[PATCH] cgroup/dmem: accept only one region per limit write

Eric Chanudet posted 1 patch 2 days, 6 hours ago
kernel/cgroup/dmem.c | 70 +++++++++++++++++++---------------------------------
1 file changed, 26 insertions(+), 44 deletions(-)
[PATCH] cgroup/dmem: accept only one region per limit write
Posted by Eric Chanudet 2 days, 6 hours ago
Accept only one "region value" pair entry for the dmem.max, dmem.min,
dmem.low files.

This changes the UAPI that otherwise accepted multiple lines for setting
multiple entries in one write. No existing user is known to rely on
writing multiple regions in a single write.

Processing multiple regions in dmemcg_limit_write() could quietly change
first limits before failing on a later one and returning an error to the
writer, with no indication some changes occurred.

Signed-off-by: Eric Chanudet <echanude@redhat.com>
---
Follow up from discussions on a previous thread[1].
If Albert's series[2] lands, I can cleanup and prepare some kunits for
these as well.
[1] https://lore.kernel.org/all/158bc103-7f99-4df4-8d3b-2da9b04ac0ed@lankhorst.se/
[2] https://lore.kernel.org/all/20260519-kunit_cgroups-v4-1-f6c2f498fae4@redhat.com/
---
 kernel/cgroup/dmem.c | 70 +++++++++++++++++++---------------------------------
 1 file changed, 26 insertions(+), 44 deletions(-)
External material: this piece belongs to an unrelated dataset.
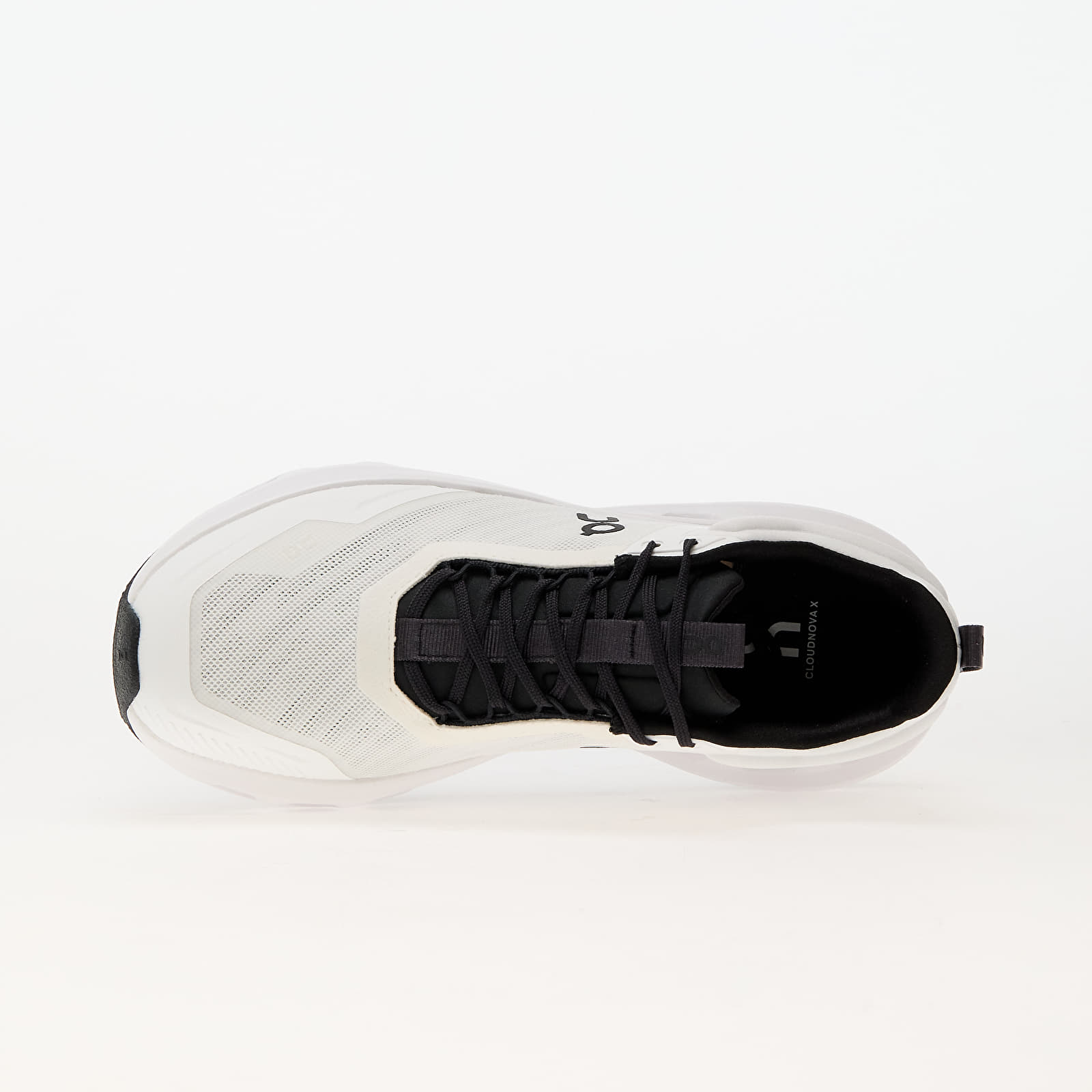 Herresko On M Cloudnova X White/ Black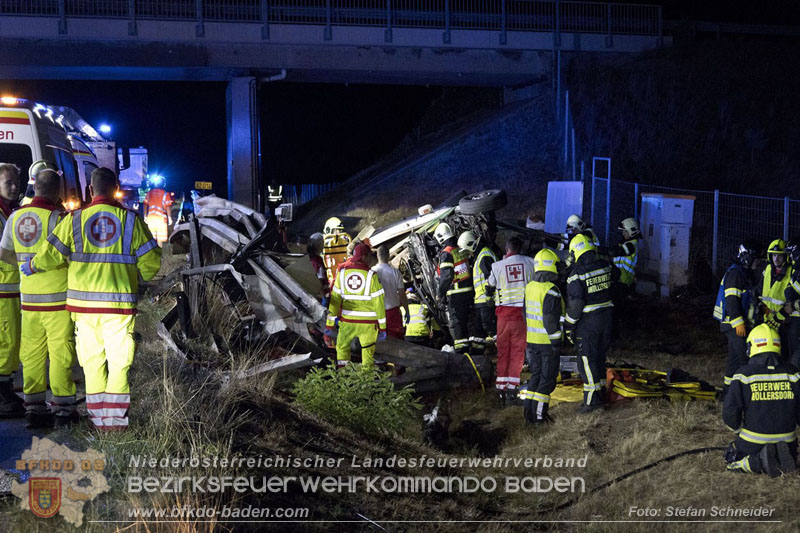 20240908_Kleinbus verunfallt auf der A2 bei Traiskirchen - acht Verletzte und ein Todesopfer Foto: Stefan Schneider BFKDO BADEN 20240908_Kleinbus verunfallt auf der A2 bei Traiskirchen - acht Verletzte und ein Todesopfer Foto: Stefan Schneider BFKDO BADEN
diff --git a/kernel/cgroup/dmem.c b/kernel/cgroup/dmem.c
index 6430c7ce1e0372f59f1313163fb7630ce49ac1ef..113ee88e276296bccb4def546adf5cc175d7f0be 100644
--- a/kernel/cgroup/dmem.c
+++ b/kernel/cgroup/dmem.c
@@ -734,57 +734,39 @@ static ssize_t dmemcg_limit_write(struct kernfs_open_file *of,
 				 void (*apply)(struct dmem_cgroup_pool_state *, u64))
 {
 	struct dmemcg_state *dmemcs = css_to_dmemcs(of_css(of));
-	int err = 0;
-
-	while (buf && !err) {
-		struct dmem_cgroup_pool_state *pool = NULL;
-		char *options, *region_name;
-		struct dmem_cgroup_region *region;
-		u64 new_limit;
-
-		options = buf;
-		buf = strchr(buf, '\n');
-		if (buf)
-			*buf++ = '\0';
-
-		options = strstrip(options);
-
-		/* eat empty lines */
-		if (!options[0])
-			continue;
-
-		region_name = strsep(&options, " \t");
-		if (!region_name[0])
-			continue;
-
-		if (!options || !*options)
-			return -EINVAL;
+	struct dmem_cgroup_pool_state *pool;
+	struct dmem_cgroup_region *region;
+	char *region_name;
+	u64 new_limit;
+	int err;
 
-		rcu_read_lock();
-		region = dmemcg_get_region_by_name(region_name);
-		rcu_read_unlock();
+	buf = strstrip(buf);
+	region_name = strsep(&buf, " \t");
+	if (!region_name[0] || !buf)
+		return -EINVAL;
 
-		if (!region)
-			return -EINVAL;
+	rcu_read_lock();
+	region = dmemcg_get_region_by_name(region_name);
+	rcu_read_unlock();
+	if (!region)
+		return -EINVAL;
 
-		err = dmemcg_parse_limit(options, &new_limit);
-		if (err < 0)
-			goto out_put;
+	buf = strstrip(buf);
+	err = dmemcg_parse_limit(buf, &new_limit);
+	if (err < 0)
+		goto out_put;
 
-		pool = get_cg_pool_unlocked(dmemcs, region);
-		if (IS_ERR(pool)) {
-			err = PTR_ERR(pool);
-			goto out_put;
-		}
+	pool = get_cg_pool_unlocked(dmemcs, region);
+	if (IS_ERR(pool)) {
+		err = PTR_ERR(pool);
+		goto out_put;
+	}
 
-		/* And commit */
-		apply(pool, new_limit);
-		dmemcg_pool_put(pool);
+	apply(pool, new_limit);
+	dmemcg_pool_put(pool);
 
 out_put:
-		kref_put(&region->ref, dmemcg_free_region);
-	}
-
+	kref_put(&region->ref, dmemcg_free_region);
 
 	return err ?: nbytes;
 }

---
base-commit: 640c57d6ca1346a1c2363a3f473b405af979e046
change-id: 20260605-cgroup-dmem-write-single-region-9bf05b6d995d

Best regards,
-- 
Eric Chanudet <echanude@redhat.com>
Re: [PATCH] cgroup/dmem: accept only one region per limit write
Posted by Natalie Vock 1 day, 13 hours ago
On 6/6/26 00:44, Eric Chanudet wrote:
> Accept only one "region value" pair entry for the dmem.max, dmem.min,
> dmem.low files.>
> This changes the UAPI that otherwise accepted multiple lines for setting
> multiple entries in one write. No existing user is known to rely on
> writing multiple regions in a single write.

Ugh, shoot.

For dmem.low specifically, there already are some userspace thingies 
floating around that may write more than one region/value pairs.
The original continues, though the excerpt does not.